National (PID) Graph

The National Graph project is a collaborative approach to building a national-level graph of persistent identifiers. This new capability provides insights into the collaborations between research institutions, industry, and international partners.

You can contribute to this project by joining the national graph working group.

Australian National Graph

The Australian National Graph represents the initial effort to build a national-scale PID graph database. Based on the Research Graph schema, National Graph links over a thousand research organizations to their respective research outputs.

117,845

Australian
Researchers

26,937

Datasets

10,027,055

Publications

61,391

Grants
Version 1.1.0
Last update: 25 April 2023

1,571

Australian
Organisations

Neo4j Technology

National Graph project utilises the robust technology of Neo4j to construct and deploy our graph database. Renowned for its scalability, performance, and user-friendly interface, Neo4j enables us to develop a native graph database based on the Research Graph Schema that has been purposefully designed and optimised to deliver high-performance graph queries.

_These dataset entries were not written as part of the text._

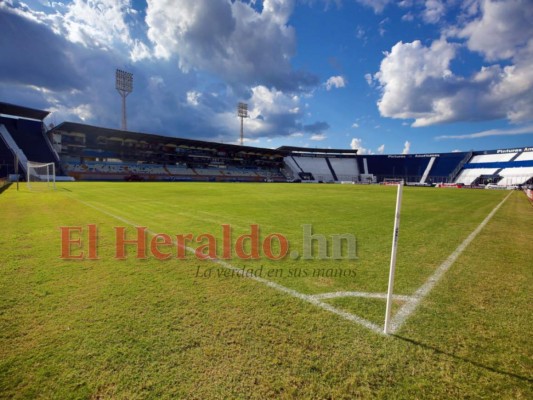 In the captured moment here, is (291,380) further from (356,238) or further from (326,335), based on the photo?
(356,238)

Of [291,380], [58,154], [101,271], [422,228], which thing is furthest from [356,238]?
[58,154]

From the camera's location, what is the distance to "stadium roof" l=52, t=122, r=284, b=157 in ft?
181

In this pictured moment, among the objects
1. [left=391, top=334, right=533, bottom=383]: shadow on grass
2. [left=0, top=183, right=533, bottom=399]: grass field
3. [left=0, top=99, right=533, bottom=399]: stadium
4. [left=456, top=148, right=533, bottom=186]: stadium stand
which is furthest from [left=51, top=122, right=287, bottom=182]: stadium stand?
[left=391, top=334, right=533, bottom=383]: shadow on grass

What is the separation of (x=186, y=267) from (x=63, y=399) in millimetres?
2745

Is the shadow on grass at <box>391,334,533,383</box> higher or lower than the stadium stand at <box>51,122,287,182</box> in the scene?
lower

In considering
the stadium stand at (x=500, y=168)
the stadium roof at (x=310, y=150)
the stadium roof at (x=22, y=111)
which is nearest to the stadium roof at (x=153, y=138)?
the stadium roof at (x=22, y=111)

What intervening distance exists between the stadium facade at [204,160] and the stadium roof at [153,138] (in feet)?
0.57

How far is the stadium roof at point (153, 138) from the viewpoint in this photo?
55.3m

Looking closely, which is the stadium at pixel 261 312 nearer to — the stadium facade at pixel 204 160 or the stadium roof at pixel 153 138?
the stadium facade at pixel 204 160

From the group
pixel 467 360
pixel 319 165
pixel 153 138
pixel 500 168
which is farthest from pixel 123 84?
pixel 500 168

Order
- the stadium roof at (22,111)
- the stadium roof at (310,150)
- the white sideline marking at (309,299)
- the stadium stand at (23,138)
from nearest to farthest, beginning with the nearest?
1. the white sideline marking at (309,299)
2. the stadium stand at (23,138)
3. the stadium roof at (22,111)
4. the stadium roof at (310,150)

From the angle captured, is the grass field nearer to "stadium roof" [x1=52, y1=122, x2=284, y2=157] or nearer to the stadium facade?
the stadium facade

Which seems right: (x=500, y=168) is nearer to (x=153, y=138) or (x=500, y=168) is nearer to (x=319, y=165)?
(x=319, y=165)

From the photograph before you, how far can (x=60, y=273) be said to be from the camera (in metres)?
4.33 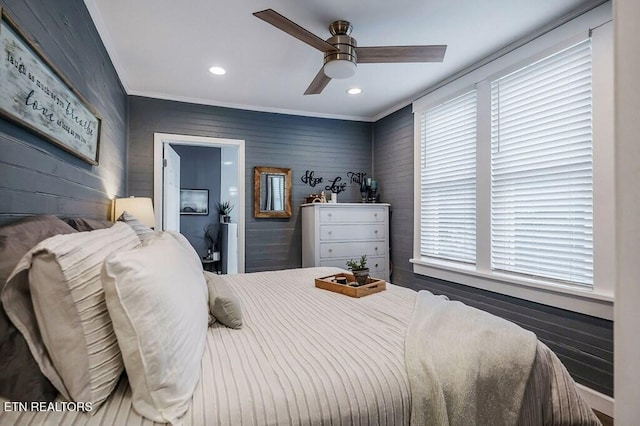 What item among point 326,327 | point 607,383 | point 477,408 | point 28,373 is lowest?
point 607,383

Nodes are grouped by labels

Match (n:researcher) return * limit 10

Match (n:orcid) return * limit 10

Match (n:researcher:orcid) return * limit 10

Neo4j nodes are grouped by labels. These labels enable optimised information retrieval, and provide a logical structure of the graph. Labels in our graph represent metadata sources or data types, allowing for targeted searches based on specific metadata, such as finding researchers with ORCID profiles.

For more information on graph queries refer to https://neo4j.com/docs/cypher-cheat-sheet/current/

Multilayer Data Architecture

National Graph uses a three layers architecture to compose, optimise and disseminate the graph to our project partners. This multilayer architecture enables separation of different major components and provides more optimised serviceability.

PID Graph

The data pipeline extracts data from major persistent identifier (PID) providers like Crossref, ORCID, and DataCite, among others. Microservices within this layer work to consolidate the data into a connected Neo4j graph. The layer utilizes the Research Graph schema and technology to connect PIDs by applying metadata, text mining, and entity resolution algorithms.

Optimisation Layer

This layer serves to construct a streamlined graph of Australian research output. A fundamental aspect of this layer involves identifying and establishing links between organisation names and PIDs, including ISNI, ROR, and WikiData.

Access Layer

The data access layer comprises a distributed network of Neo4j databases that facilitate access to National Graph content through the Neo4j graph interface. This network’s decentralized architecture empowers Australian researchers to leverage their cloud infrastructures to manage and coordinate access to the database effectively, allowing universities to allocate resources as needed.
The data from National Graph is accessible to Australian researchers under a Creative Commons Attribution-NonCommercial-ShareAlike 4.0 International License.